Dataset content ::
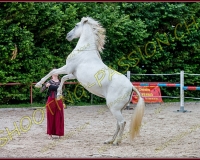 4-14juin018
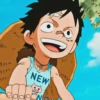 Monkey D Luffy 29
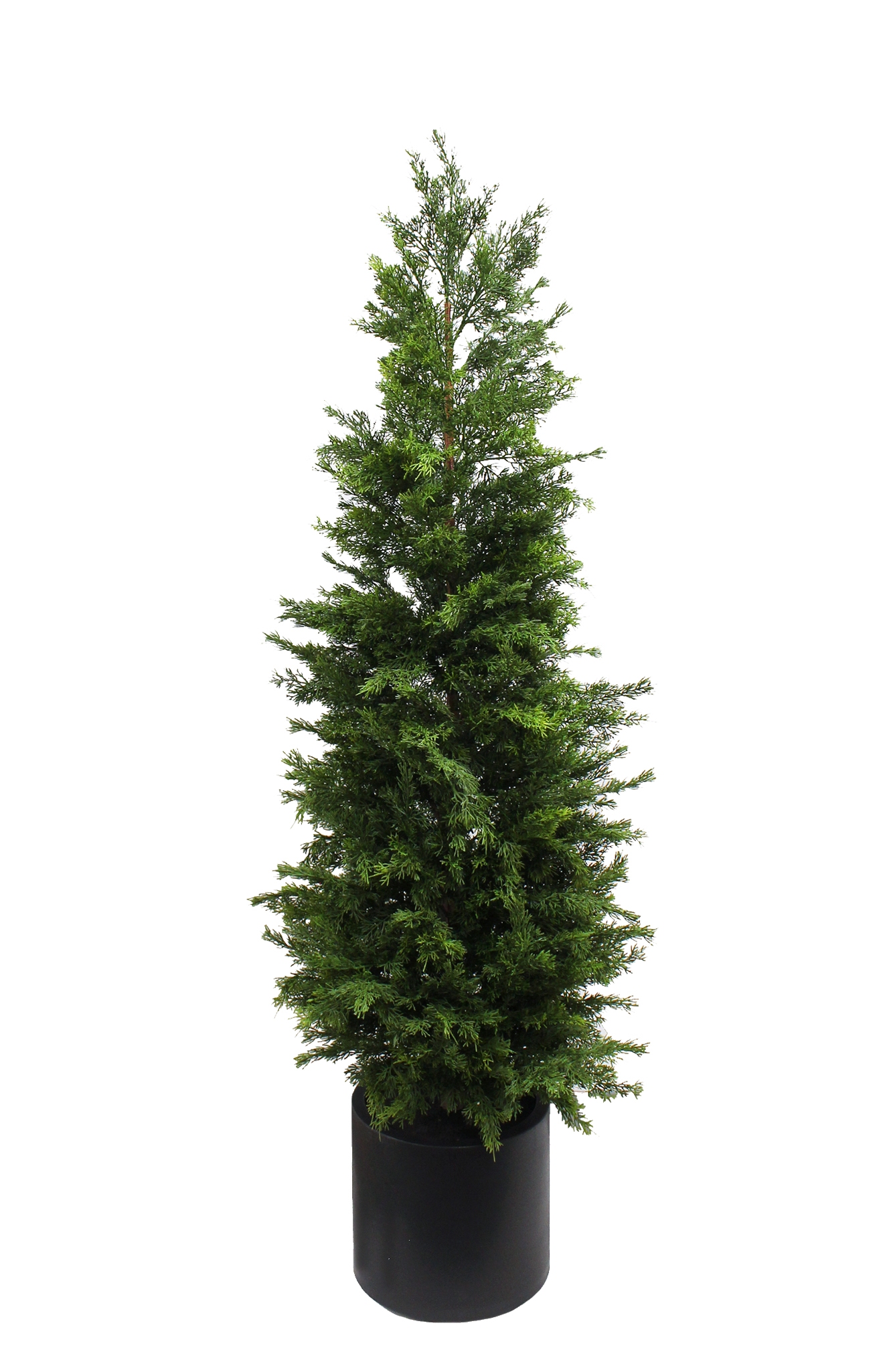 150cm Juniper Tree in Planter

==

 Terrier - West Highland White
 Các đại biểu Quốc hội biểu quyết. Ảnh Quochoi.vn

* * *

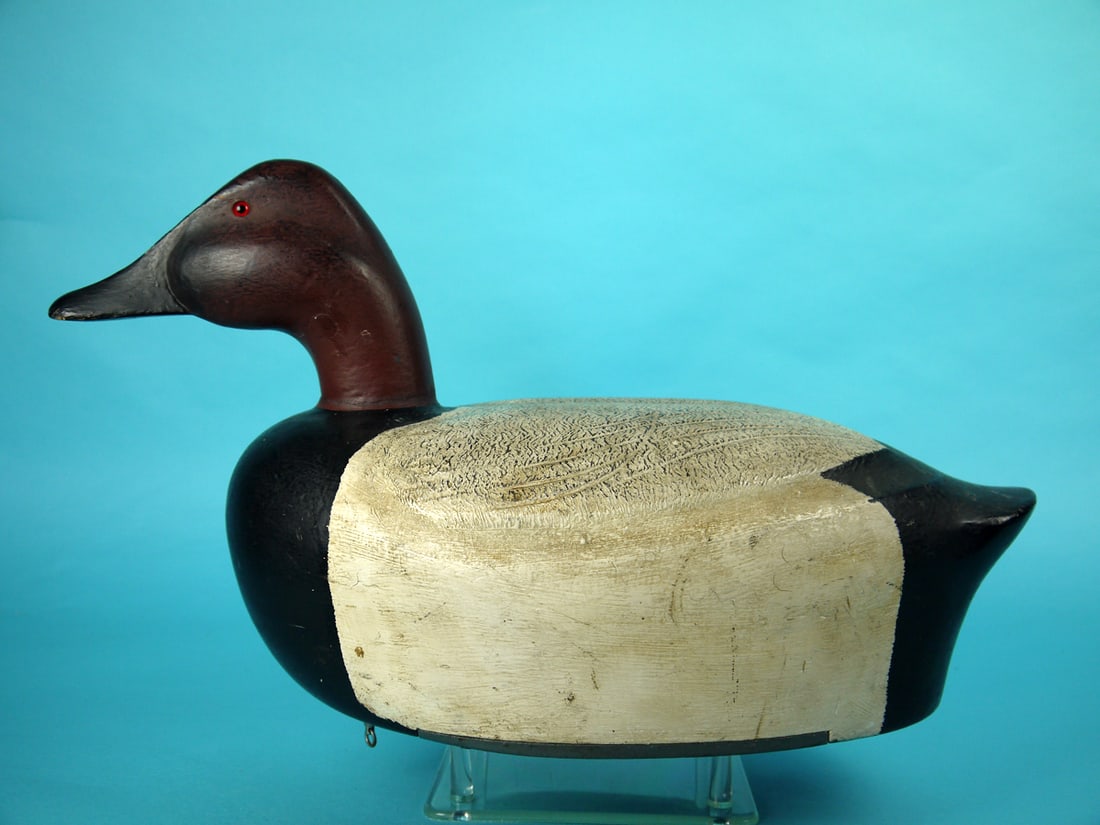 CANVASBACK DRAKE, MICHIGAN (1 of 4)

Work instruction ::
With pictures excluded, reproduce exactly the lines above from the one containing "4-14juin018" down to the one containing "150cm Juniper Tree in Planter", those two included.

Reply to the task ::
 4-14juin018
 Monkey D Luffy 29
 150cm Juniper Tree in Planter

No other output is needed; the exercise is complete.